Extracted information:
● ● ● ● ● ● ●
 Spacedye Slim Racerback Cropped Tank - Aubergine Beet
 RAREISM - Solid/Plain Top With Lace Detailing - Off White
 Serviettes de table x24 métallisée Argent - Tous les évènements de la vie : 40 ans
● ● ● ● ● ● ●
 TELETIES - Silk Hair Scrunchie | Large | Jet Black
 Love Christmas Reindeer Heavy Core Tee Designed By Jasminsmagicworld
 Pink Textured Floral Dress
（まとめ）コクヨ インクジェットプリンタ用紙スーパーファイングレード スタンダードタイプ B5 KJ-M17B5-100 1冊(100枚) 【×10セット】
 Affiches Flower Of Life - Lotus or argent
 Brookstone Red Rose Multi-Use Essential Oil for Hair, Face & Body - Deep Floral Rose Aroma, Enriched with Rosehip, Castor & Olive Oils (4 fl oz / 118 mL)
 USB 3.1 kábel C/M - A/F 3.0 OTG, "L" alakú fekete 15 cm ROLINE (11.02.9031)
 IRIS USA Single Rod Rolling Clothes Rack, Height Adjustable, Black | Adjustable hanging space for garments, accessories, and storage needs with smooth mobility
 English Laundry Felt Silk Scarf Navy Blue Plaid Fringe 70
● ● ● ● ● ● ●
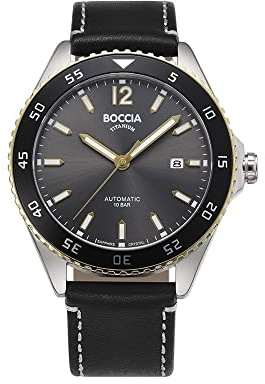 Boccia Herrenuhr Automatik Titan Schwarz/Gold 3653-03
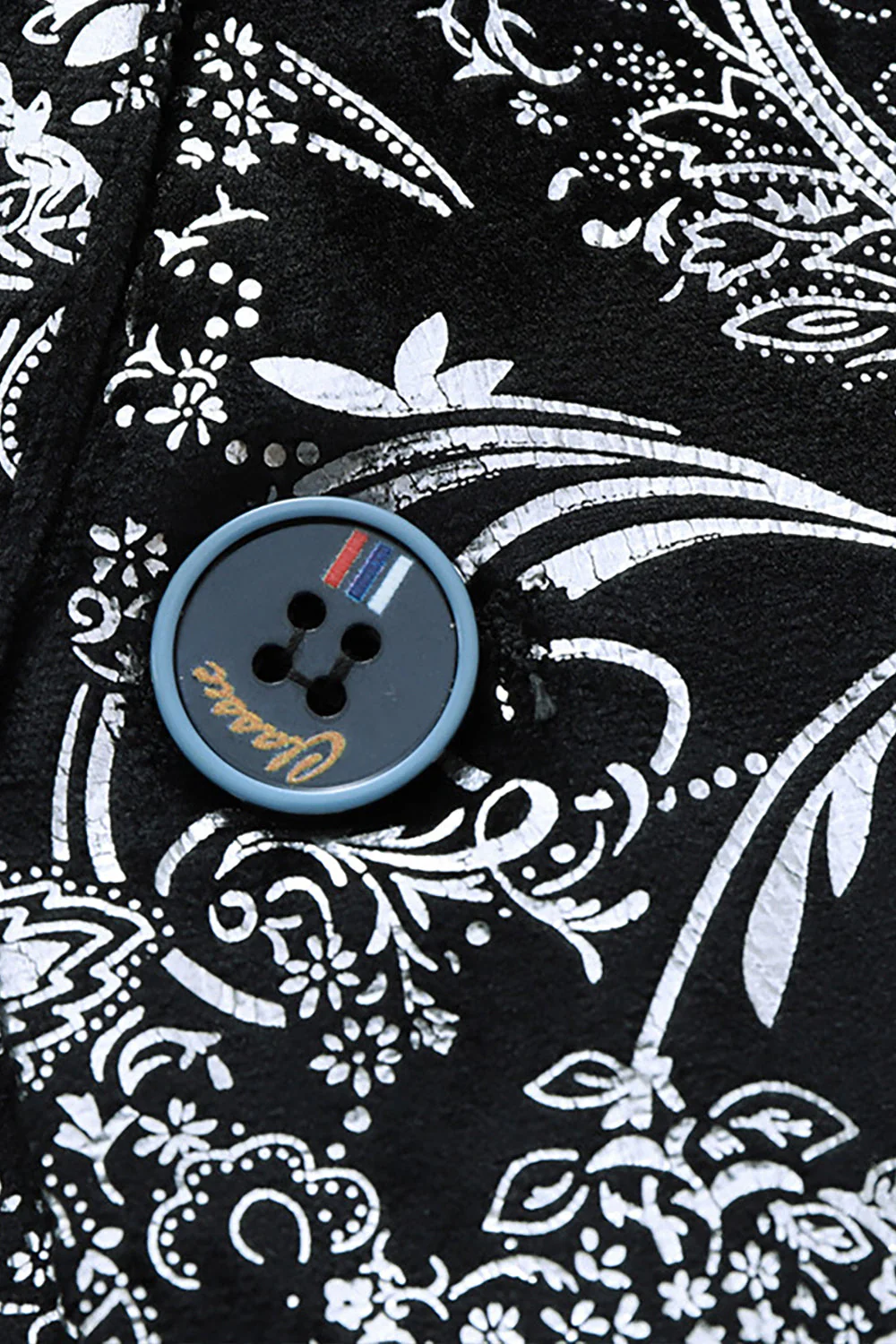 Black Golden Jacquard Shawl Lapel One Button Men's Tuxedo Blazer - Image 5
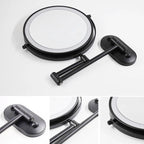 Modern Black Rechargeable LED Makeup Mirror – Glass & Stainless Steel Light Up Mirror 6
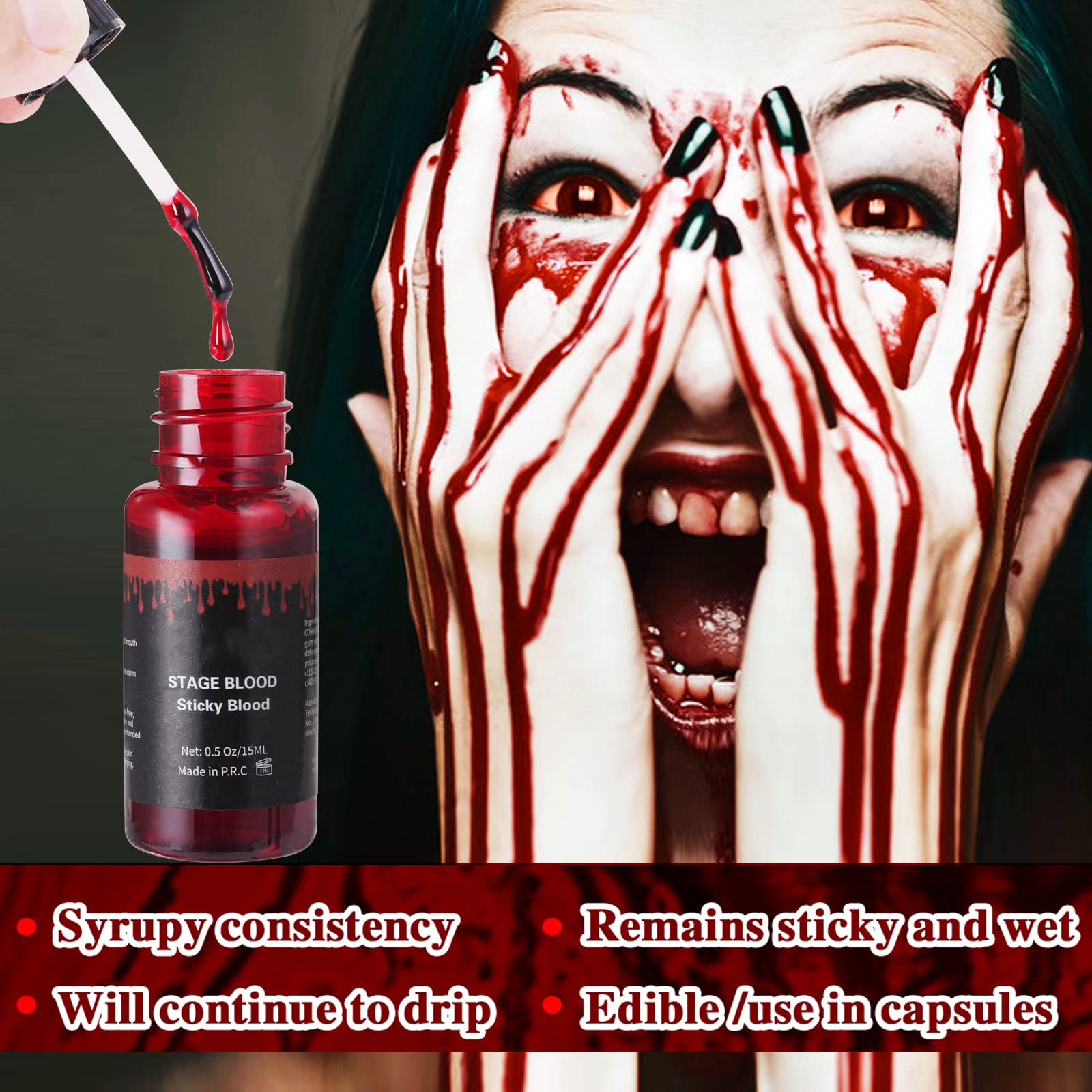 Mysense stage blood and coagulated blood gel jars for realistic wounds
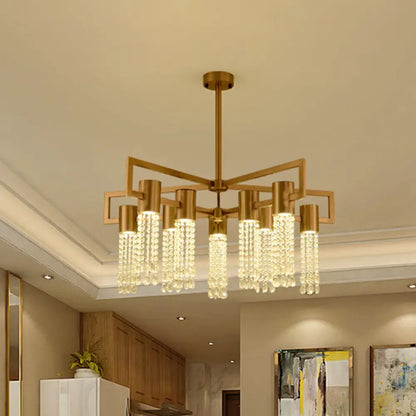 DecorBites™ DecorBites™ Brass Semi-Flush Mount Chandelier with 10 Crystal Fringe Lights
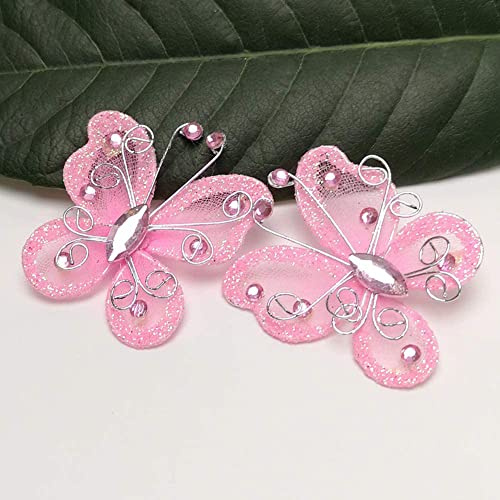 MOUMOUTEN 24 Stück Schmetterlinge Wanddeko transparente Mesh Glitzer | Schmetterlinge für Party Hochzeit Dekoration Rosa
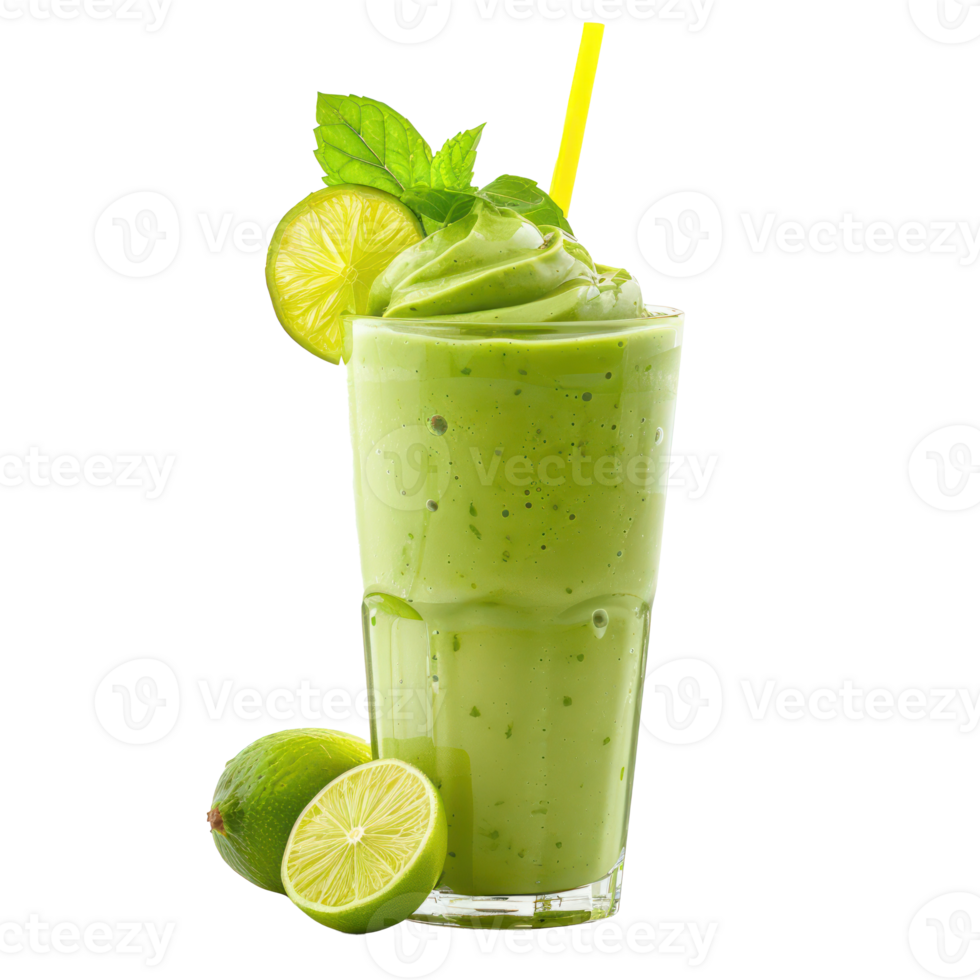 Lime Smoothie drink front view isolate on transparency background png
● ● ● ● ● ● ●
Work instructions: All lines of the records containing "Hair" should be shown.

Answer to this task:
 TELETIES - Silk Hair Scrunchie | Large | Jet Black
 Brookstone Red Rose Multi-Use Essential Oil for Hair, Face & Body - Deep Floral Rose Aroma, Enriched with Rosehip, Castor & Olive Oils (4 fl oz / 118 mL)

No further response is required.